Along with all other safety regulations, effective training is vital in any industrial facility in Colorado and elsewhere. This is especially true for companies that use the services of staffing agencies to provide workers. Temporary workers are often placed with different companies for short periods, each with its own safety hazards. For this reason, preparing workers for the dangers they will be facing at each workplace is vital. An untrained candy factory worker suffered a workplace injury in January that severed his finger.

The Occupational Safety and Health Administration reported that it had completed an investigation into the amputation injury incident that occurred in the factory of a Tootsie Roll Industries subsidiary in another state. Investigators determined that the worker -- who had received no training -- was exposed to a candy wrapping machine though the moving parts were not safeguarded. The accidental contact caused one of his fingers to be severed.

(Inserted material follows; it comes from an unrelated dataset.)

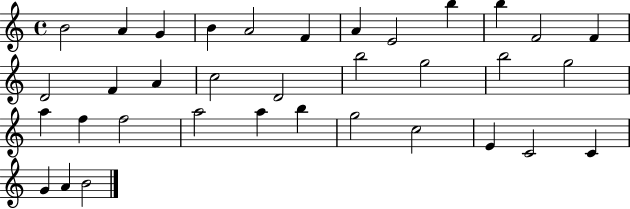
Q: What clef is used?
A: treble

OSHA found the hazards of this machine exposed workers to amputations, broken bones and soft tissue damage. Further findings revealed that neither the company nor the staffing agency provided training that could have prevented the amputation. Investigators reported that there was no record of periodic inspections to ensure the lockout/tagout devices will prevent unintended startups.

Depending on a person's trade or profession, an amputated finger may mean the worker will no longer be able to continue in that occupation. While compensation for medical expenses and lost income is available through the Colorado workers' compensation insurance system, additional assistance may be available. In cases in which a workplace injury caused a disability, the insurance program may provide occupational training to provide new skills that will allow the injured worker to continue earning a living.